Tuesday, April 10, 2012

Current Events Spin


CNN "reporters" really are the most incite-ful, shit-stirring, shit-talking bunch of cock suckers imaginable. They are a small step above TMZ, reporting on incidents that they manufacture with their own bullshit articles. Why do I ever stray to that fucking site except to punish my own low self esteem? I really imagine a group of 25 year old kids drinking gallons of coffee under strict deadlines spewing misspelled essays about their own previous articles and calling it news as long as BMW keeps paying the advertising bills. I guess it is part of my mission to fully understand the United States. The media is largely a can of compressed shit that says, "Shake Can Then Spray." I really and truly hate it and feel like there can never be intelligent and critical thinking as long as the major news networks tug and pull on media events like we're Muppets with hands in our asses. It is impossible to conceive of a worse predator to humanity than CNN and Fox. Pure propaganda and mass manipulation. It's such addictive trash disguised as topical events. I'm in awe and I can't turn away and I loathe myself and I'm ashamed and filled with hate and fear for humanity.

Should I go on?

Buttons and Bows from The Paleface 1948

Buttons and Bows was written by Jay Livingston and Ray Evans for the 1948 film The Paleface. The sheet music was in the lot that I was forced to buy to get my hands on Petula Clark's Downtown single so I'm going through the songs and trying to generate some interest in old music and learn the songs as I go for therapy*. I already wrote a few paragraphs about the Shelby Flint "Angel on my Shoulder" tune that was pretty damn catchy. That was from 1960, if I recall, and I find myself singing it despite it being 52 years old.
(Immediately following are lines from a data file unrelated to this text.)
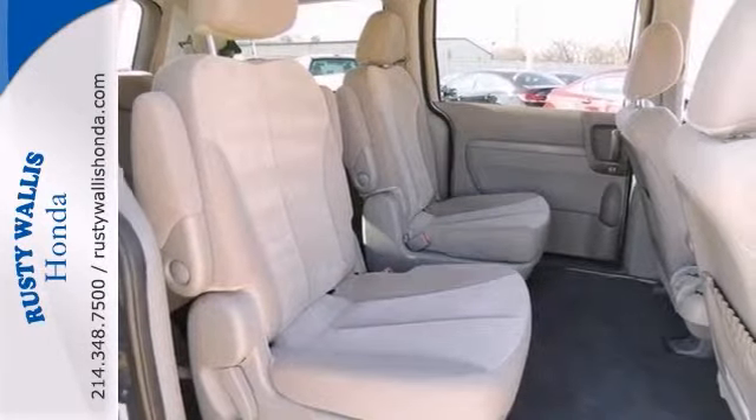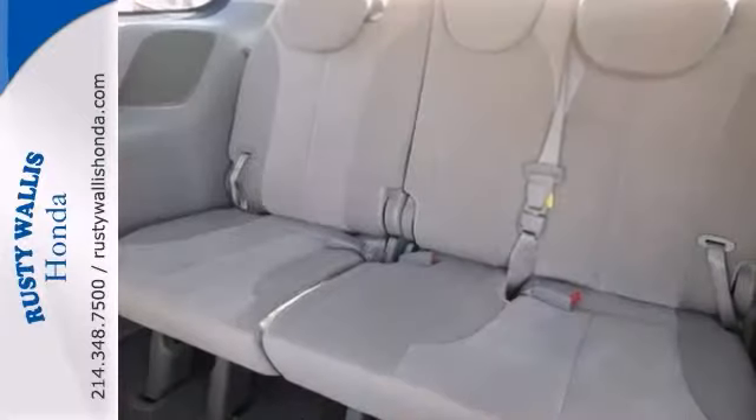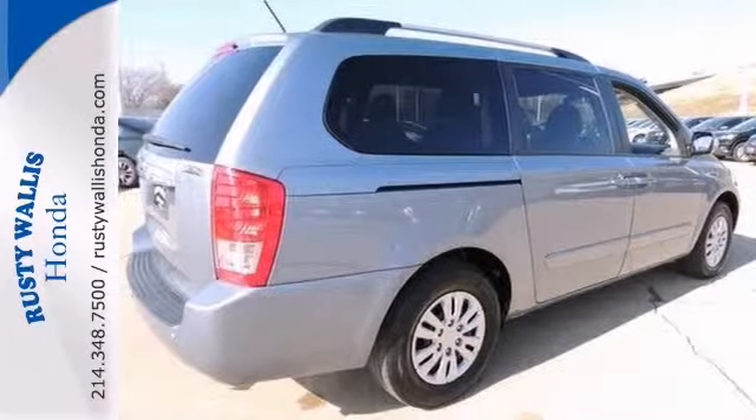It has steering wheel audio controls, a CD player and dual-zone climate control, plus it's Kia certified with a factory warranty. Come see it today.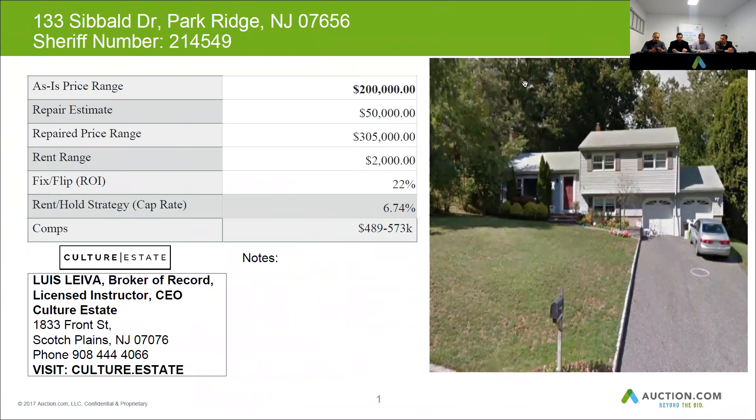The exterior of the house has vinyl siding that was in above-average condition. The windows look to be newer vinyl replacement windows. The roof is a three-tab roof in average condition, and the property overall was in well-maintained condition.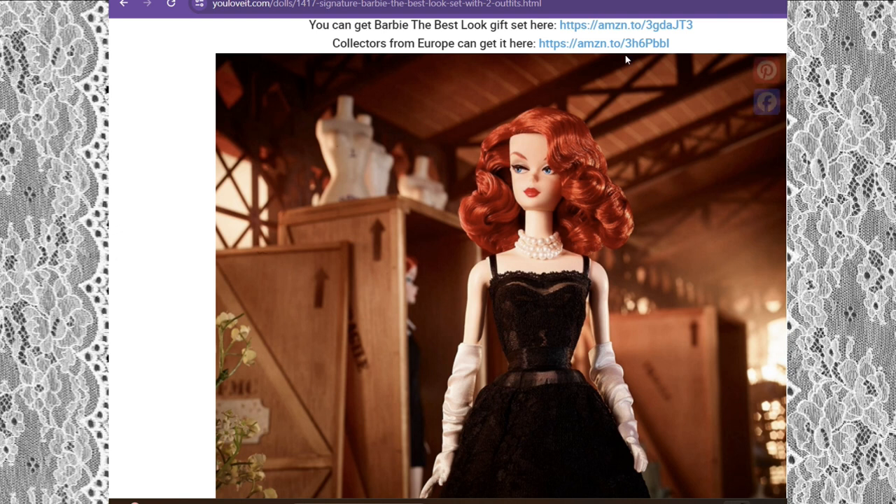So in front of us there is a doll, and it's showing you right here that you can get this doll — the Barbie The Best Look gift set. You can click on Amazon to check it out; I'm not going to click it, I'll leave the link in the box below this video. Collectors from Europe can also get it there, so they can click it too.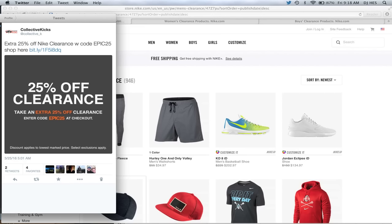What's going on guys? DJ Hes here, collectivekicks.com. Wanted to bring you guys a video today and let you guys know that Nike is doing a clearance sale right now on nike.com — 25% extra off of clearance with the code EPIC25. There'll be links in the description to shop men's, women's, and kids.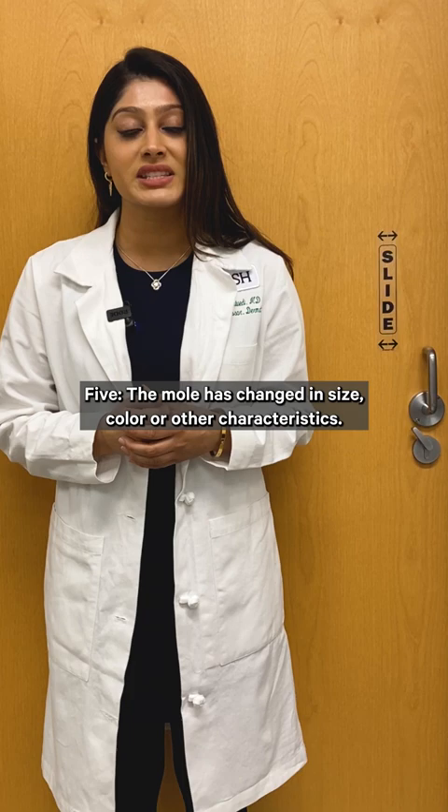Talk to a dermatologist if your moles have any of these characteristics. Early detection can make all the difference with skin cancer.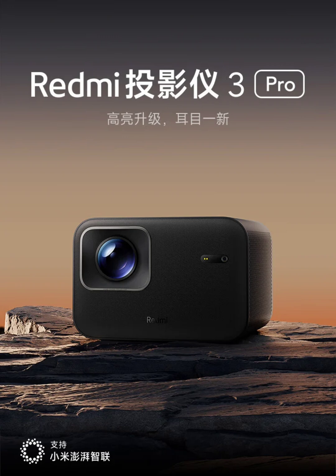The projector is certified for low blue light by SGS and utilizes diffuse reflection imaging to filter short-wave blue light, enhancing comfort during extended viewing sessions.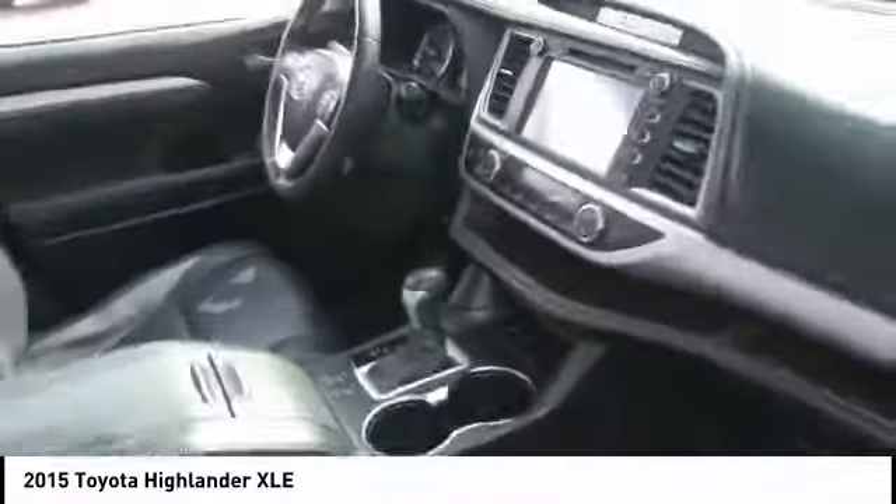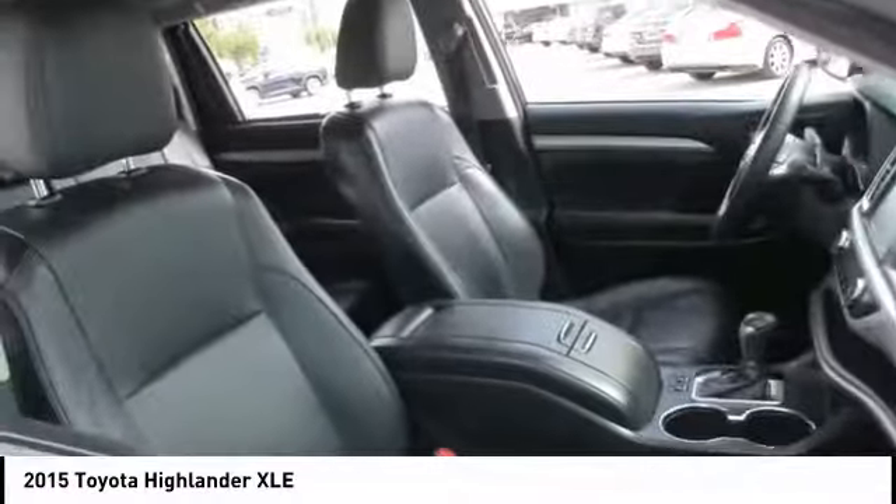This vehicle has less than 45,000 miles. Here are some of this vehicle's great options.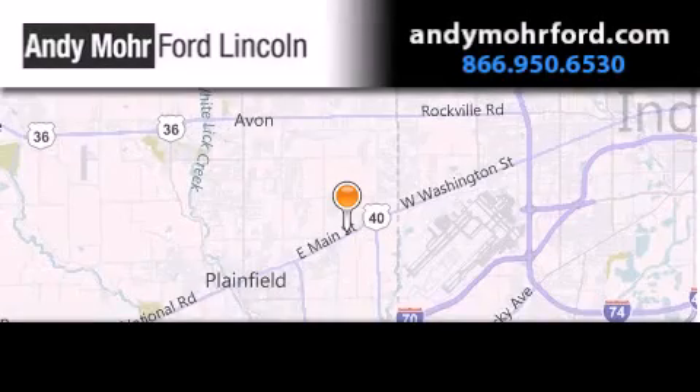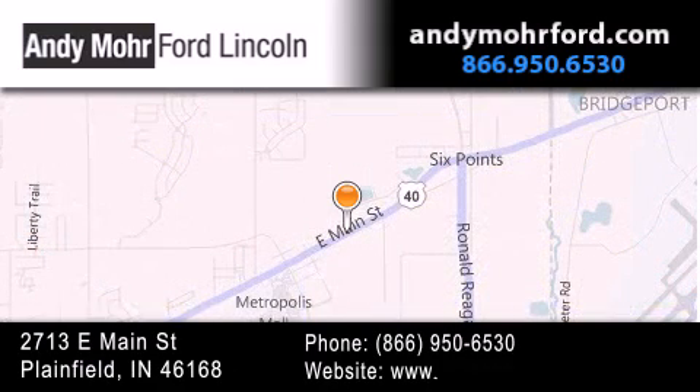Andy Moore Ford Lincoln is the place to find new Ford and Lincoln cars and trucks and pre-owned vehicles in Indianapolis.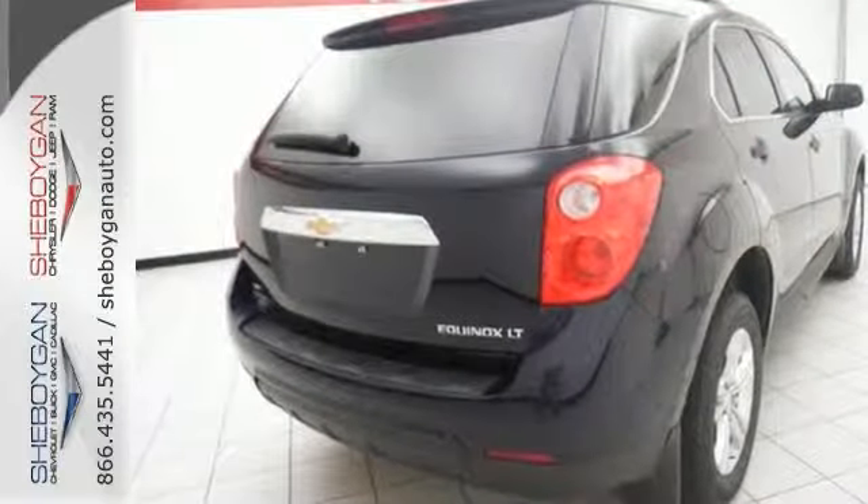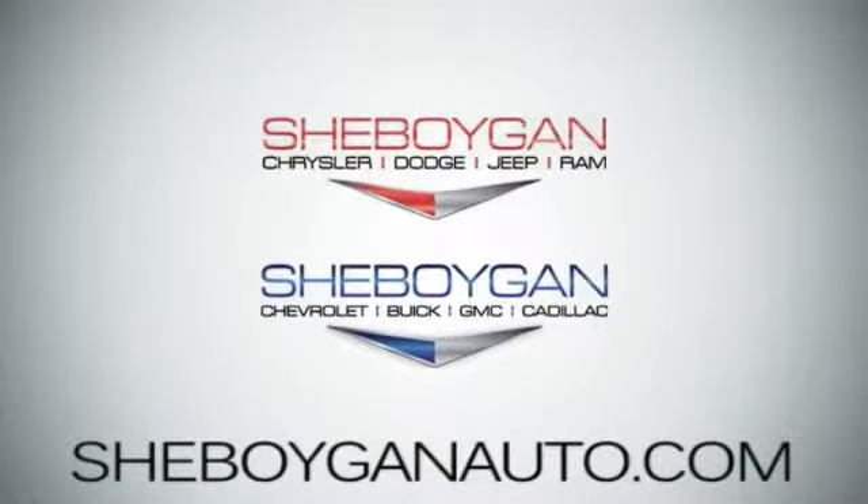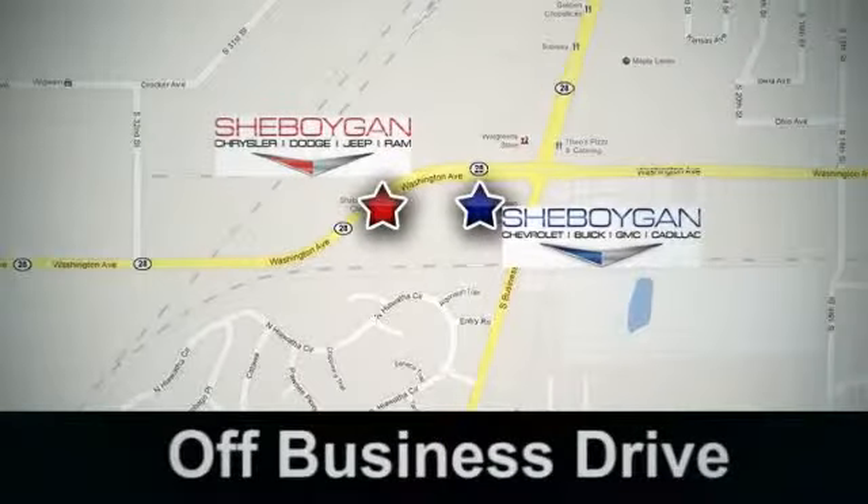Come on in today and see it for yourself. Come see us today — Sheboygan Auto, eight brands in one location, off Business Drive in Sheboygan, Wisconsin.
The Paleface goes way way back to freshly post WWII and Jane Russell's titanic tits being all veterans wanted to see. Oh my god! Curves to spare on that frame. Howard Hughes pushed the movie ratings to the limit to showcase her rack in The Outlaw. Bob Hope should always be known as an entertainer who loved to entertain. The country was at war for 5 years and Hope spent 5 years with the USO following the mission of boosting morale and entertaining troops. I hate to compare apples and oranges but has Jimmy Fallon even recited the pledge of allegiance let alone spent 20 years eating mess hall food and telling clean jokes about dirty things? Nevermind. This is about Buttons and Bows. I learned in my research that this song, a kind of annoying western parody, won the Best Song award in the 1948 Academy Awards. That's a strange category because sometimes there are 4 nominees and sometimes there are 11. Well, it didn't have any competition and you could say it was the Academy's reward to Bob Hope for his wartime contribution to the USO.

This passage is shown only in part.